The prime minister said his Labour government remained committed to the triple lock in the Commons this week, as he spelled out pension increases from today, Sunday, April 6. He said during Prime Minister’s Questions this week: “We can commit to triple lock because we restored stability after they (the Conservatives) crashed the economy.
“Twelve million pensioners will receive up to £470 more.” Sir Keir said it was the Conservatives who were putting the future of the triple lock under threat, as he raised previous comments by both Tory leader Kemi Badenoch and Shadow Chancellor Mel Stride.
Ms Badenoch previously said her party wanted to explore greater means-testing of government support. Asked during an LBC phone-in if that included the triple lock policy, she replied: “That’s exactly the sort of thing that the policy work we are going to be doing will look at.”
During Prime Minister’s Questions, Sir Keir responded to questions about the sustainability of triple lock. He said: “The shadow chancellor called triple lock unsustainable and the leader of the opposition wants to means test the triple lock so she can cut it.”
Ms Badenoch responded the triple lock had been brought in under the Tories. The triple lock was introduced by the Conservative-Liberal Democrat coalition government in 2010.
The triple lock ensures the state pension increases every year in line with whatever is highest out of inflation, wage growth and 2.5%. It is going up 4.1% this year to match wages. The government said millions of pensioners will receive as much as £470 more.
Work and Pensions Secretary Liz Kendall said today: “Our ironclad commitment to the triple lock gives pensioners across the country the certainty and security they need to live a full life in retirement. We are putting more money in people’s pockets and driving up household income as part of our Plan for Change.”
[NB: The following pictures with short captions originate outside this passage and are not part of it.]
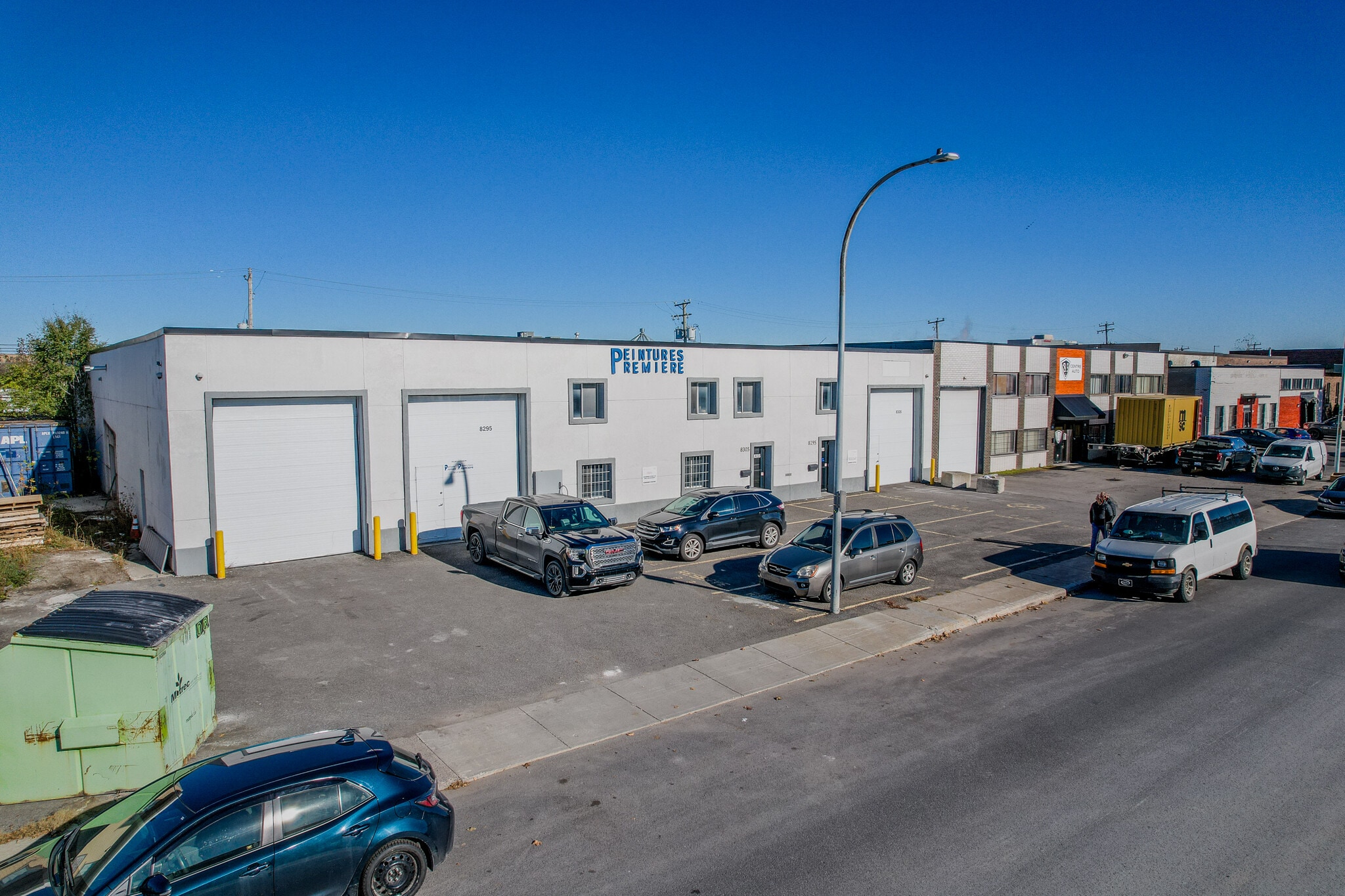 8295-8305 Creusot Rue, Montréal, QC for sale Primary Photo- Image 1 of 11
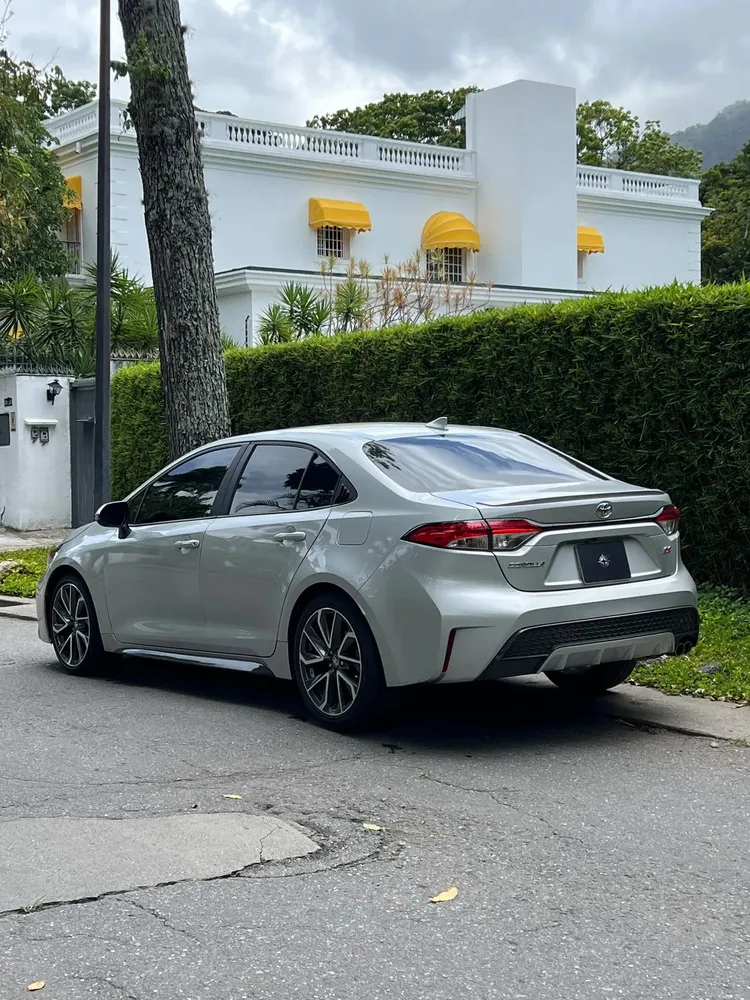 Vista 6 del vehículo: Toyota Corolla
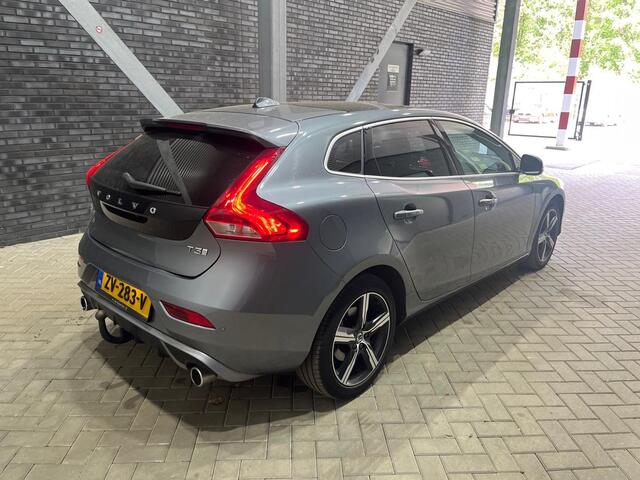 Volvo V40 1.5 T3 Polar+ Sport | Automaat | Panoramadak | harman/kardon | Trekhaak | Vol-Leder | Camera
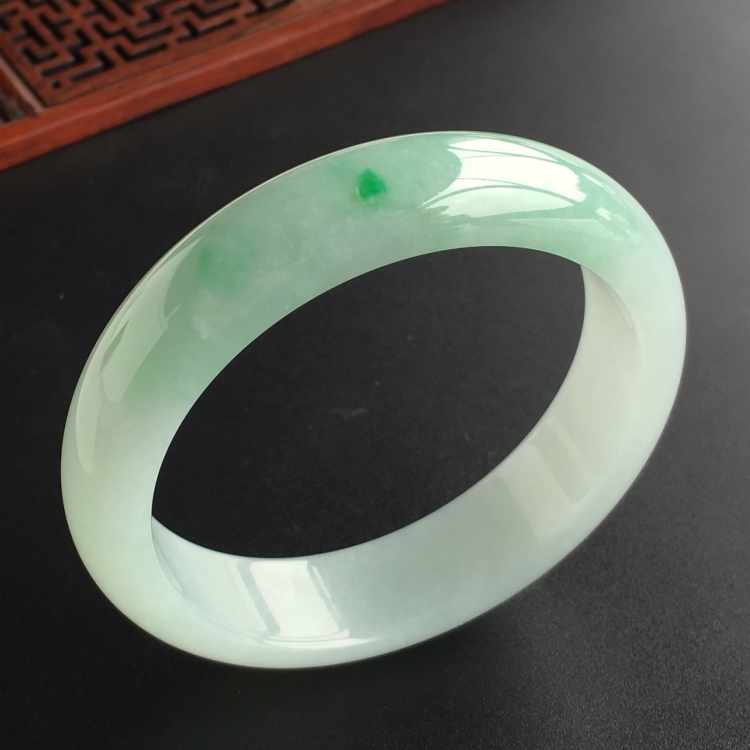 (超值推荐)糯冰种略飘翠手镯(57.4mm)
The state pension is a payment made every four weeks by the government to people who have reached qualifying age and have paid enough National insurance. More than 12 million people currently receive the state pension.
Men and women born between October 6 1954 and April 5 1960 start receiving their pension at the age of 66. However, for people born after this date the state pension age is increasing.
The be a gradual rise to 76 for those born on or after April 5 1960 and a gradual rise to 68 between 2044 and 2046 for those born on or after April 5 1977. The state pension cost around £124bn in 2023-2024.
Chancellor Rachel Reeves said: “With today’s increase in working-age benefits, and our ironclad commitment to pensioners through the triple lock, we are making the decisions that support those who need it in Britain, putting money into people’s pockets and delivering our Plan for Change.”
The state pension increase will see payments rise to an annual total of £11,975.60. However, according to the Pensions and Lifetime Savings Association (PLSA), a single person would need a minimum of £14,400 annually for a basic standard of living post-retirement; meanwhile, couples are recommended to have at least £22,400.